B095 人生初の営倉

1989年8月18日(金)

基地内でいくつかの場所に分かれてのテストが行われた。その数カ所に分かれた場所で、地雷、移動浮橋、支援中隊の車両について、工兵の装備品、ランドナビゲーションなど今まで習った事のテストを移動しながら受けるのだ。

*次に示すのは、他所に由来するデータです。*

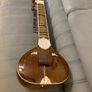 NEW Sitar + Flight Case Image 5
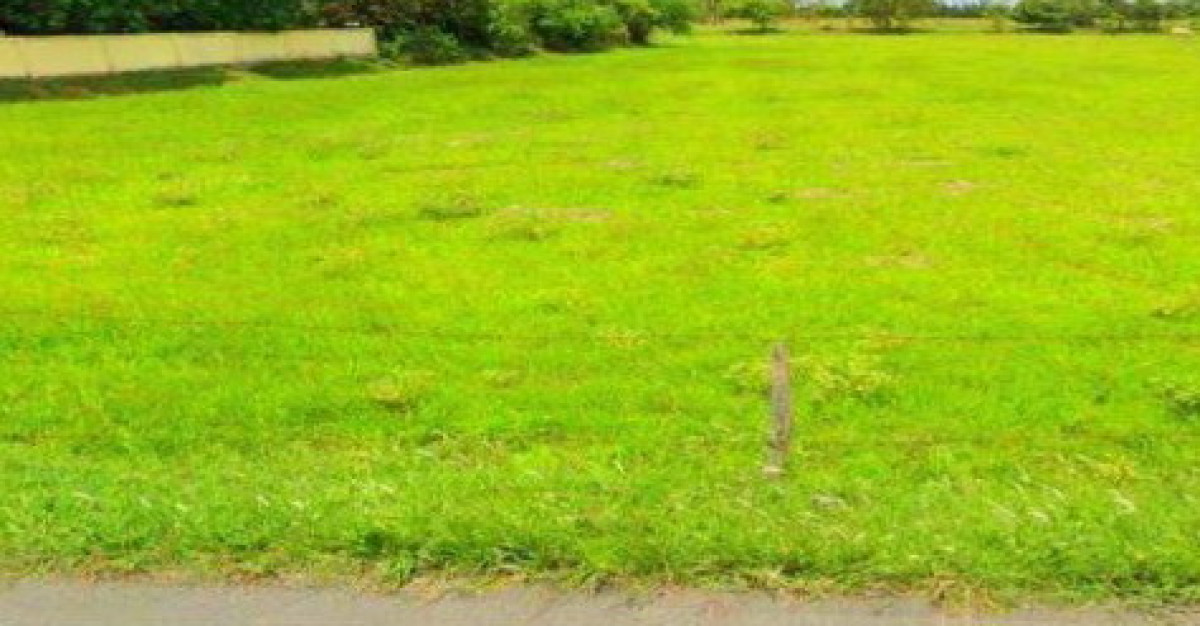 Residential land/lot Khon Kaen Phon Kao Ngio 1054150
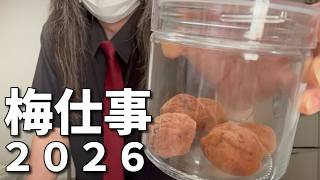 【実写動画】翼おじさんの日常～梅仕事2026～【Tsuvasa@ZEROSTAR】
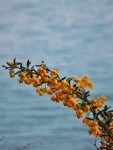 Yellow flowers, blurry blue background (the sea)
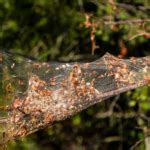 White Caterpillars: Identification, Prevention, and Control Tips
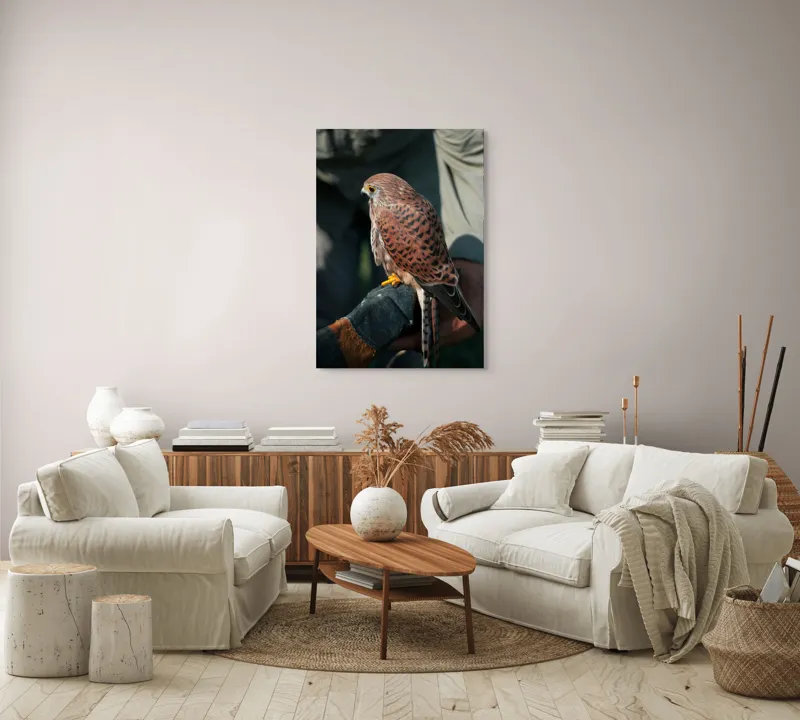 Tablou Canvas, "Șoimul gata de zbor majestuos", 70 x 100 cm – poza 4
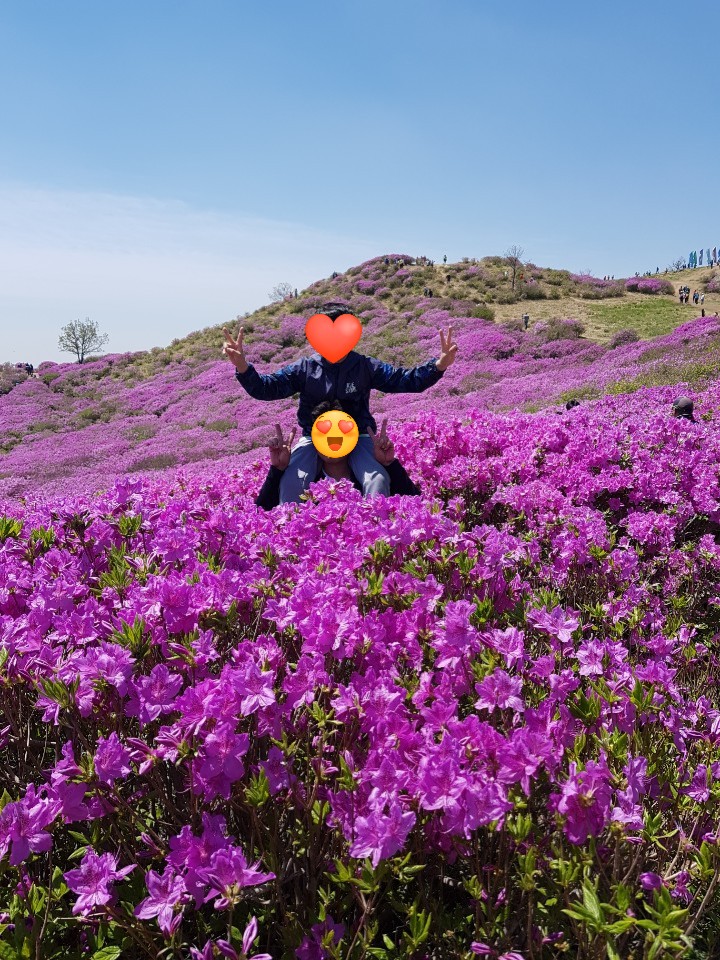  합천황매산철쭉제.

基地にいるにも関わらず昼食用にレーションを配られた。昼食の休憩なしでノンストップで順番にテストをする場所を移動する。8時に生徒全員が数カ所に分かれて一斉にテストが始まった。16時ごろまでかかった。勉強不足で答えられない質問もあったけれど、ほとんどは実技だったのでなんとか終わる事が出来た。すぐに採点されたようだった。中隊長が夕方正式に僕らの前で成績を発表した。成績はビリを覚悟していた。ところが僕の下に6人もいた。全員フランス人だった。言葉がわかるのに・・・。中隊長がいなくなると、スピッツ軍曹が「下から6人は今夜のPIだ!」と言ったので、僕は勤務から外された。これはフラダン中尉の命令だった。勤続たった6カ月のフランス語もロクに出来ない新兵より成績が悪くてどうするんだ!という事であった。

 

成績発表の後、自分の小隊の事務室へ行き、小隊長のルジュン中尉に「CTE04」が終了したことを報告した。ルジュン中尉は「よくやった!」とひたすら褒めてくれた。休暇から戻って来ていた小隊次席下士官のモジェール上級軍曹もニコニコしていた。中尉には、「この調子でフランス語をもっと勉強すればいくらでも技術は身につくぞ!」と言われた。報告を終わり事務室を出て中隊廊下でフラダン中尉に呼び止められた。肩を叩かれ、「よくやった!」と言われた。この「CTE04」の教育の生徒の中で一番フランス語が出来なかったのが僕だったからだ。このフラダン中尉の一言でやっと終わったんだ!という実感が湧いて来た。なんだか嬉しいようで、でも終わってしまって残念な複雑な気持ちになったのも本当だ。

 

1989年8月19日(土)

 

今日は休みだ。昼近くに起きて昼食後も昼寝をした。「CTE04」の最中は日曜もあってないようなもので、正に旧海軍の軍歌「月月火水木金金」の様だったからだ。

 

夜は久々にビトウさんと酒保に行った。「CTE04」の最中は中々ビトウさんとも話が出来なかったから久しぶりの乾杯だった。9時に酒保が閉まって中隊に戻ろうとしたら、出口の外に酔っ払った管理中隊のイギリス人が立っていて、僕等に「カミカゼ」だの「バンザイ」などと言って絡んできたので、「お前、意味をわかって言っているのか?」と言い返したけれど止めなかったから何度か「だまれ!」と言い返したけれど奴は酷く酔っていて再び何か言って来たので、堪忍袋の緒が切れて殴りかかった。ビトウさんと僕、奴と2対1で揉み合いになったところで、酒保の掃除に来ていた「PI」の連中に引き離された。そしてビトウさんと二人、憲兵や衛兵詰所が入っている連隊総務の建物へ連れて行かれた。そこには連隊当直や営倉もある。有無を言わさずに、ビトウさんと僕は営倉の独房にそれぞれブチ込まれた・・・。明日の朝までソコに入っていろと言う事だった。人生初の営倉であった・・・。